I.- Aveuglement civilisationnel : le paradoxe des valeurs libérales face aux dictatures

Lorsque face à l’invasion russe de l’Ukraine, les médias, les tribunes et réseaux sociaux s’enflamment, en Occident, par des diatribes pacifistes qui sont loin d’être seulement l’œuvre de trolls pro- russes, comment alors ne pas se rappeler de ce qu'a dit, il y a plus d'un siècle, un certain philosophe allemand ? Nietzsche fut le premier à mettre en garde l'Europe, non sans beaucoup de provocation, non sans énormément de courage, contre un certain excès humaniste inhérent à ses valeurs, ainsi que contre sa culture devenue trop imprégnée de « moraline » rendant, ainsi, sa civilisation « décadente » (la « décadence européenne » au sens Nietzschéen du terme).

Dans son livre Par- delà le bien et le mal, Nietzsche écrit, à la première page de son neuvième chapitre qu’il intitule « Qu’est- ce qui est noble ? » : « La vérité est dure. Disons-le sans ambages, montrons comment jusqu’ici a débuté sur terre toute civilisation élevée. Des hommes d’une nature restée naturelle, des barbares dans le sens le plus redoutable du mot, des hommes de proie en possession d’une force de volonté et d’un désir de puissance encore inébranlés se sont jetés sur des races plus faibles, plus policées, plus pacifiques, peut-être commerçantes ou pastorales, ou encore sur des civilisations amollies et vieillies, chez qui les dernières forces vitales s’éteignaient dans un brillant feu d’artifice d’esprit et de corruption. La caste noble fut à l’origine toujours la caste barbare. Sa supériorité ne résidait pas tout d’abord dans sa force physique, mais dans sa force psychique. Elle se composait d’hommes plus complets (ce qui a tous les degrés, revient à dire, des « bêtes plus complètes ») ».

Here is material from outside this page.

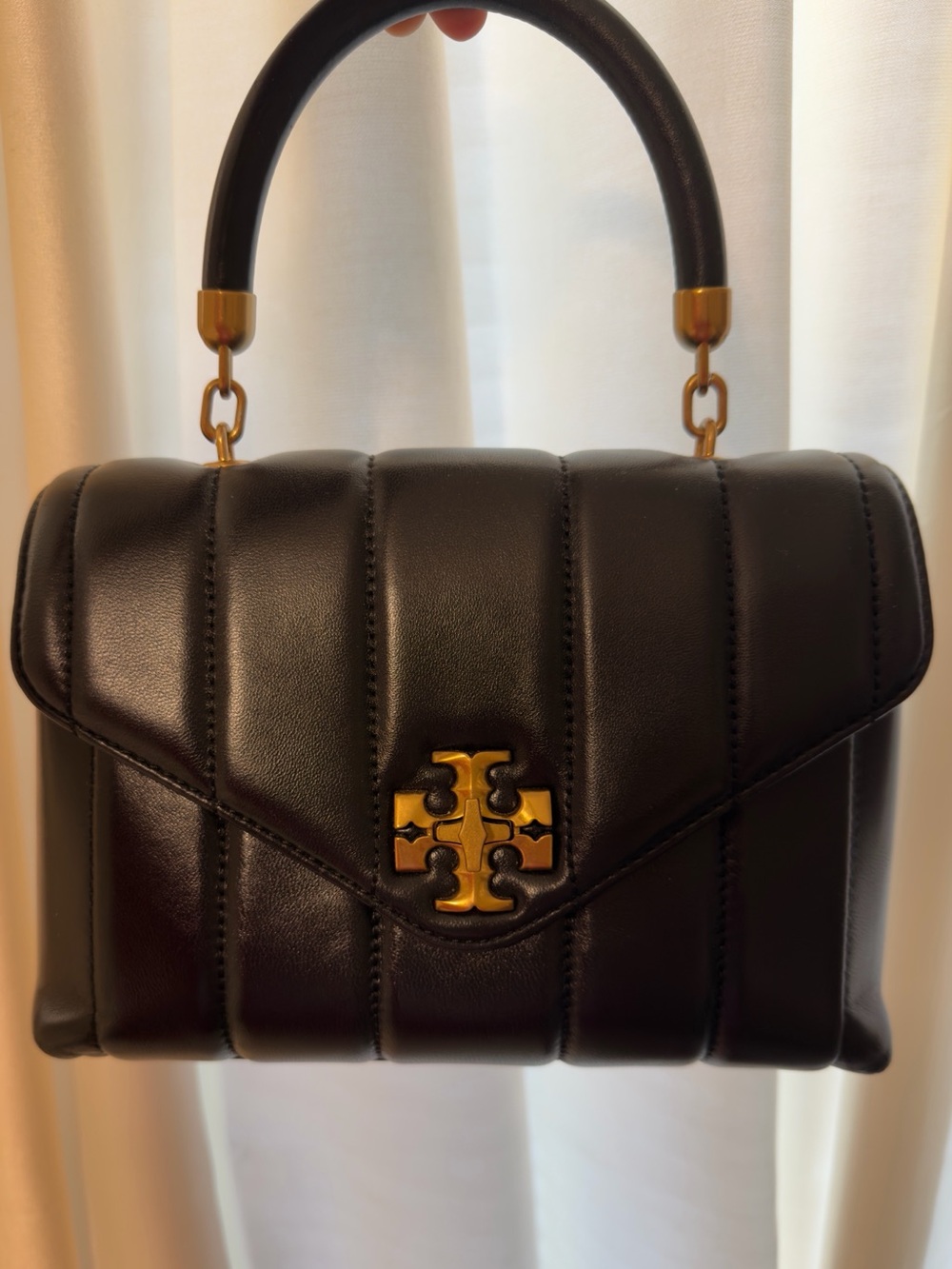 Tory Burch Kira Small Black Quilted Leather Satchel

Un extrait d'un autre temps, certes, surtout dans certains de ses termes (« race » ), mais dont l'esprit est tellement d'actualité qu’il risque, par son réalisme cru et sa lucidité sans compromis, de faire sursauter plus d'un dans les beaux cafés de Saint- Germain- des- Prés.

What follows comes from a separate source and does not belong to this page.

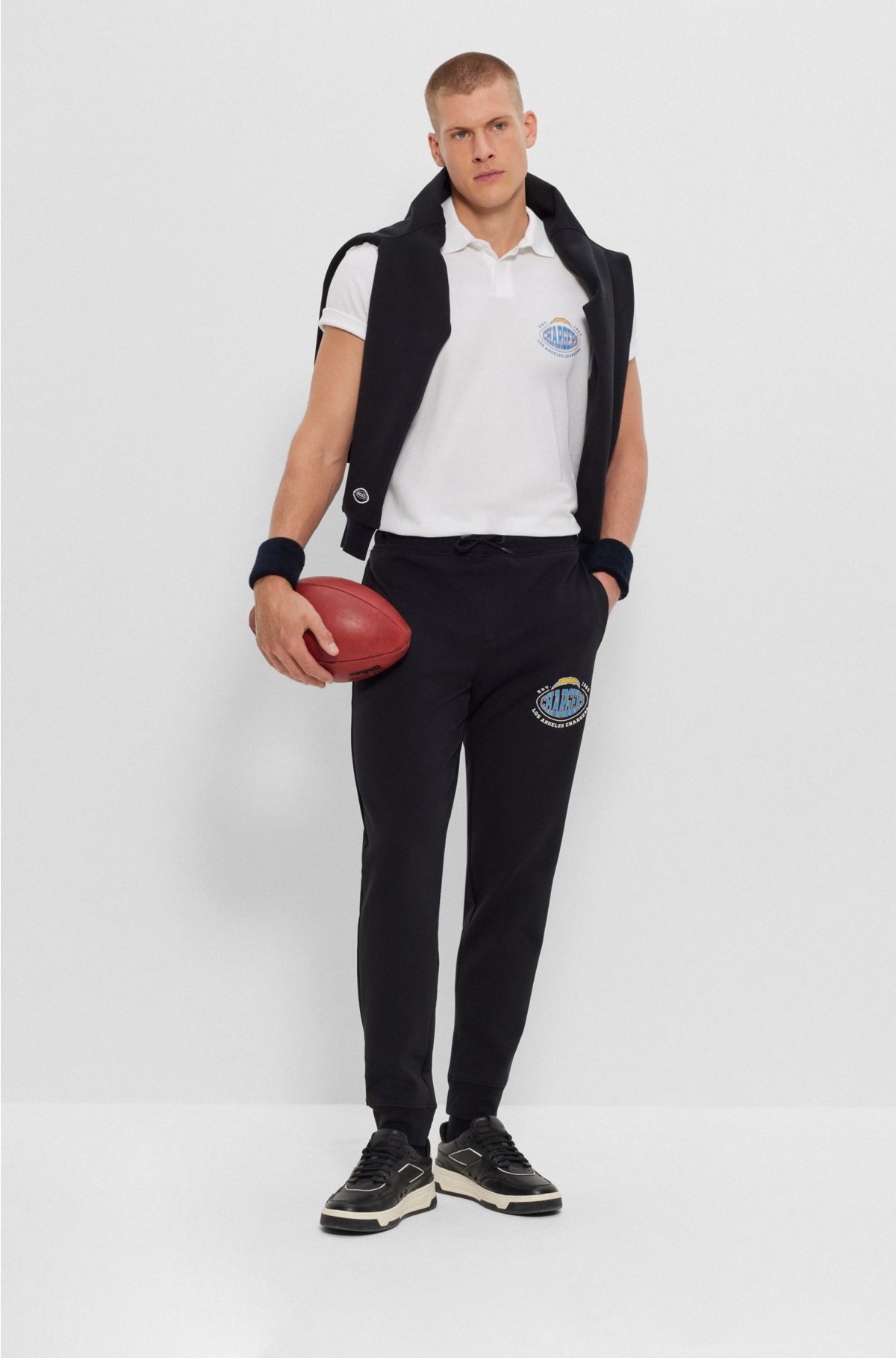 BOSS x NFL cotton-piqué polo shirt with collaborative branding, Chargers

Héritières de cette culture humaniste, notamment des valeurs du pacifisme, les démocraties occidentales se retrouvent, suite à l’invasion perpétrée par un dictateur comme Poutine contre l’Ukraine, subitement confrontées à un paradoxe qui tient de leur essence même. Le paradoxe démocratique réside, en ce sens, dans le fait que la démocratie, le libéralisme politique, l'Etat de droit, les droits de l'homme qui, tous, font la force du modèle occidental et de sa civilisation, peuvent, en même temps, si leurs tenants perdent de vue la réalité du monde- surtout en prenant leurs valeurs pour universelles-, devenir ses points de faiblesse, notamment devant les dictatures.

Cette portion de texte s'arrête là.